The American Academy of Periodontology (AAP) suggests a parallel between our depleted pocketbooks during the holidays and periodontal pockets, “otherwise known as the spaces between your teeth and gums caused by oral bacterial infection.” In a study published in the AAP’s Journal of Periodontology, researchers reported that “ever-present financial stress and a lack of adequate coping skills could lead to altered habits, such as a reduction in oral hygiene efforts, teeth grinding, salivary changes, and weakening of the body’s ability to fight infection.”
Take Action
Four Simple Tips for Staying on Track with Your Teeth During the Holidays
  • Take the time you need to brush your teeth.
  • Visit the dentist twice each year.
  • Remember that any snack, even carrots, stimulates bacterial growth in the mouth.
  • Be especially vigilant with oral care when consuming candies, cookies, and other sugary holiday foods.

  • “That does it,” said 32-year-old Marvin Mason of Palo Alto, California. “I’m going to sit down with my wife so we can figure out a budget this year. It’s all fun – all the holiday spending – until the bills come due in January. Plus, now that I see we could have dental bills along with the usual ones, I’d really like to get a better handle on the stress this year. Living here in the Bay Area there’s enough stress already without piling more on. Also, I think the holidays can be enjoyable without all the frenzy.”

    “I agree,” said Mason’s wife Suzanne. “Also, I have noticed that when we go to visit family, I definitely back off on my tooth brushing. When I’m in my usual routine, I brush after every meal and floss at night. But when we go to Marvin’s parents’ home for Christmas, I generally forget about brushing after lunch because we’re usually off and running for something or other.

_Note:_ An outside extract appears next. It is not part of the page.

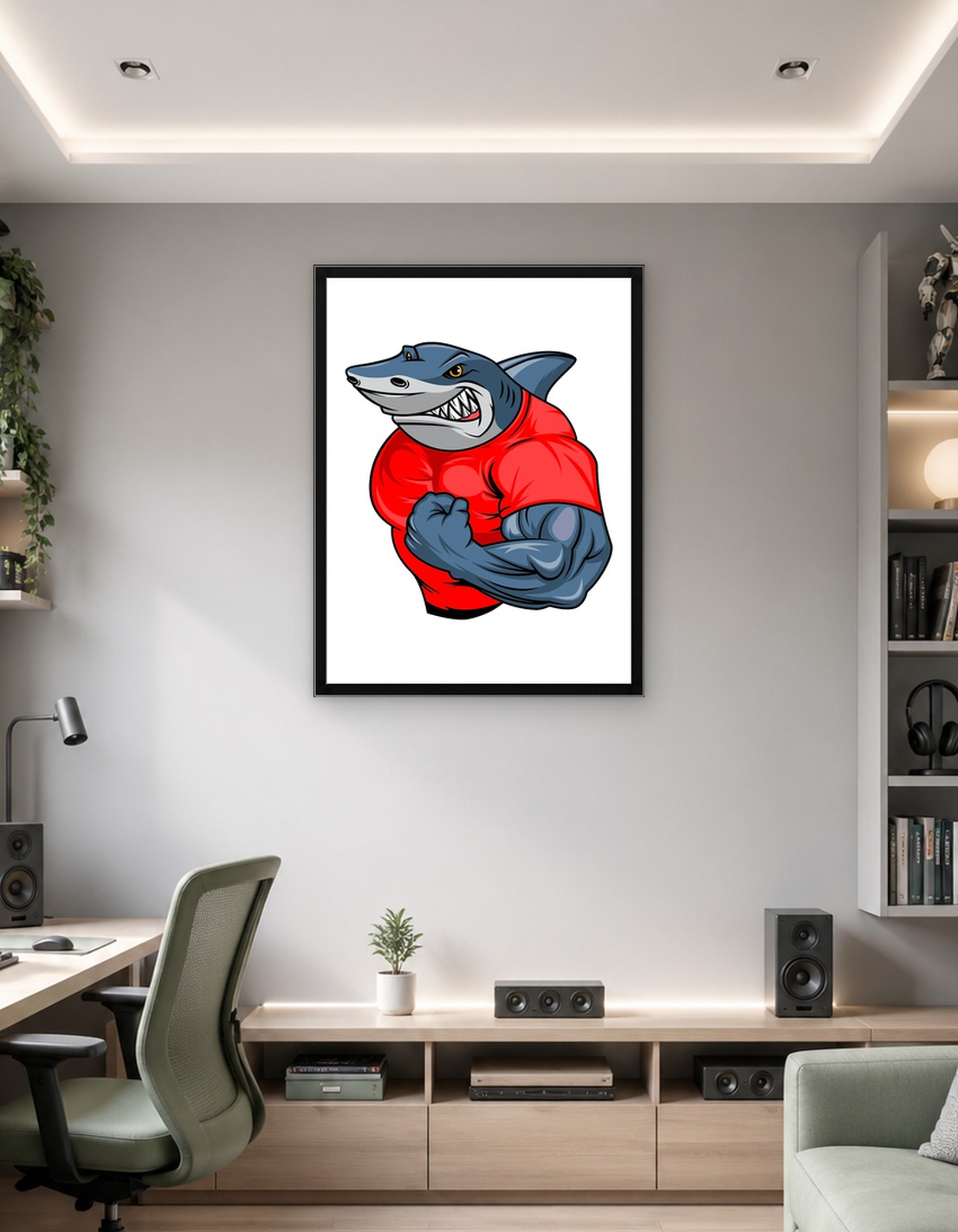 Shark - 4055944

    “I agree with my husband, though, it’s so much fun at the time – all the excitement and spending during the holidays – it’s easy to get caught up. And it’s only later on during those cold January days when all the exhaustion and bills catch up with you. Frankly, I’d rather be planning a trip to Hawaii in January than one to the dentist.”

    “The good news is that many of these risk factors for periodontal disease can be controlled with minimal personal time and financial resources,” said Michael Rethman, DDS and former president of the AAP. He would also agree with the Masons’ plan to sit down and make a budget before the season gets underway.

    “More importantly,” said Rethman, “it’s paramount to get to the root of our holiday stress in order to minimize the harm it could cause to our bodies.” In addition to holiday stress that predisposes people to gum disease, the amount of sugar available for consumption seems to escalate as though it were snow falling from the sky. Thus, precisely at a time when we are more vulnerable to tooth and gum problems, we are presented with ever-present goodies in our offices, friend’s homes, and our own kitchens. Here again, though, if we are vigilant, there’s no need to fret.

    “You can still eat sugar,” said Nadar Rassouli, DDS, MS, a Portland, Oregon prosthodontist. “Just be sure to brush as soon as you can afterward – or at the very least rinse your mouth with water until you can get to your toothbrush.”

    Rethman agrees, and adds that visits to the dental hygienist are important. “The best way to prevent periodontal disease is through effective daily brushing and flossing, as well as regular dental visits that include a periodontal exam and thorough cleaning.”

    And for those who celebrate Christmas, Rethman thinks the holiday is a great time to keep oral health front and center. “Toothbrushes make excellent stocking stuffers,” he said.